# Data segment
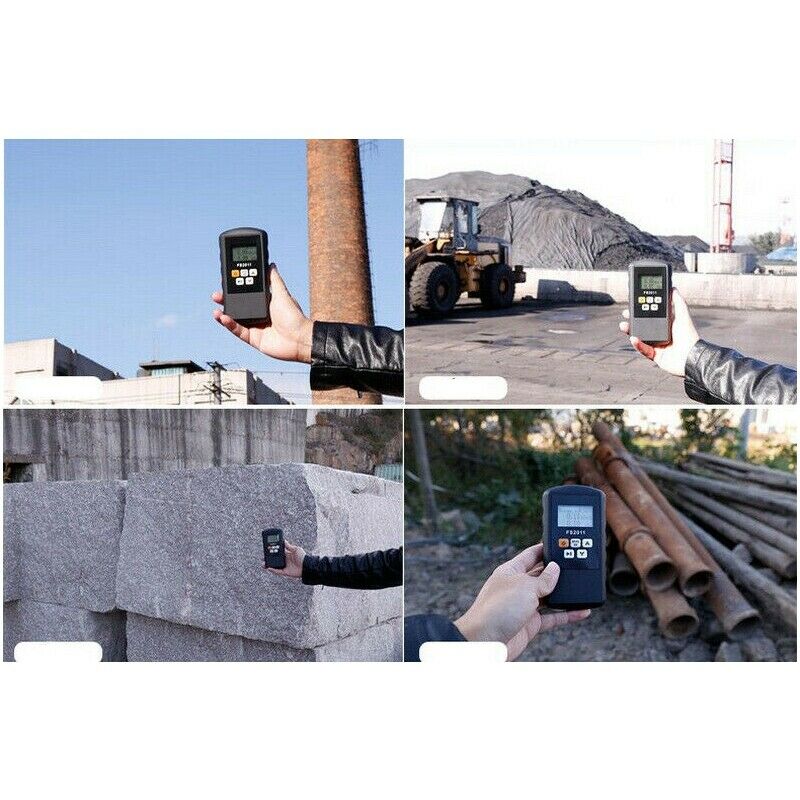 Î² Y XRay Radiation Detector Nuclear Radiation Monitor Meter Smart Counter 1pc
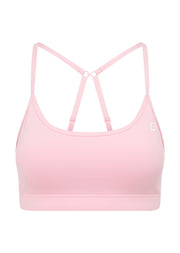 Lorna Jane Sammy Sports Bra - Cotton Candy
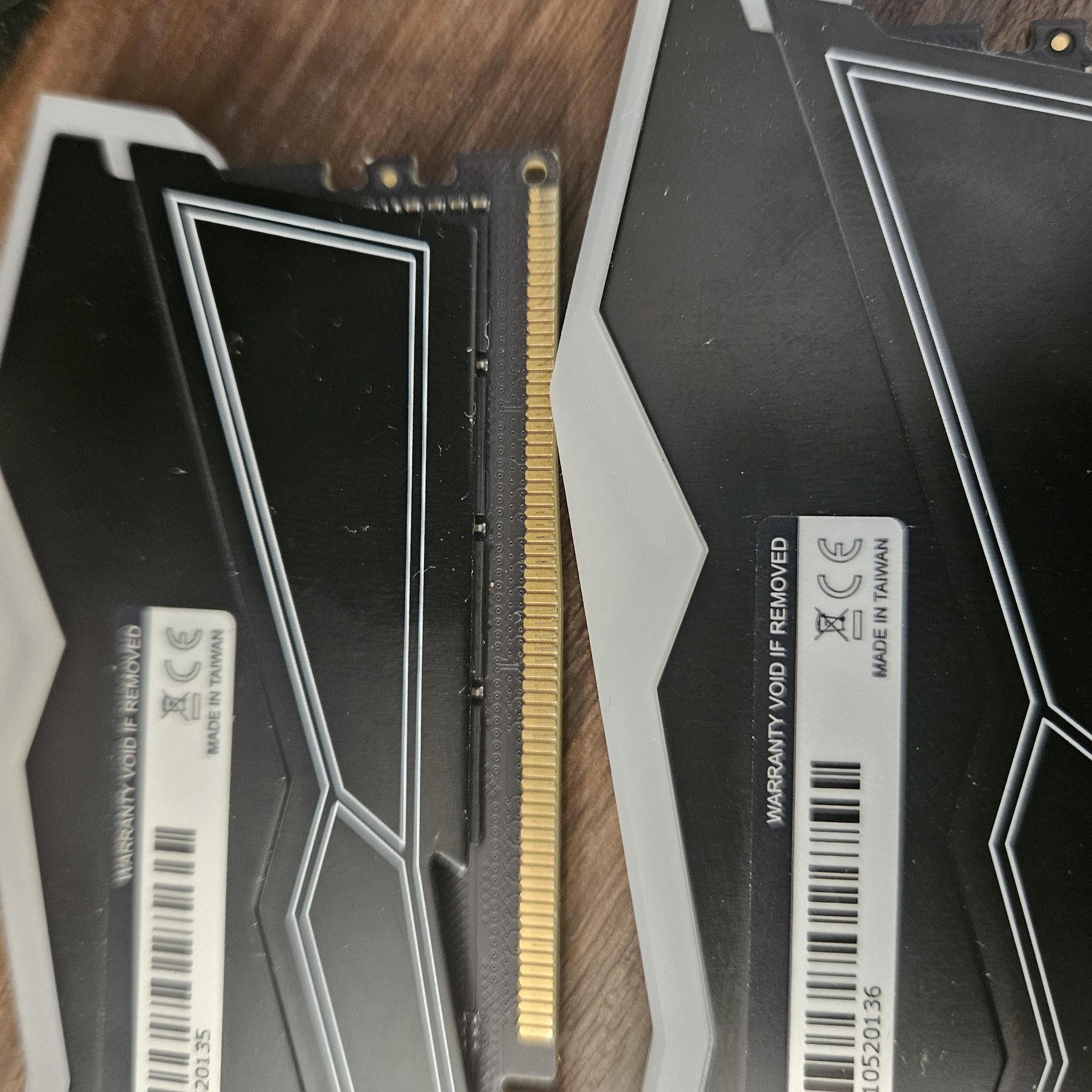 Teamgroup T-force delta 32GB DDr5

# Task goal
Leave out every picture, and copy exactly the lines from the line that contains "Lorna Jane Sammy Sports Bra - Cotton Candy" through the end of the material.

# Response box
 Lorna Jane Sammy Sports Bra - Cotton Candy
 Teamgroup T-force delta 32GB DDr5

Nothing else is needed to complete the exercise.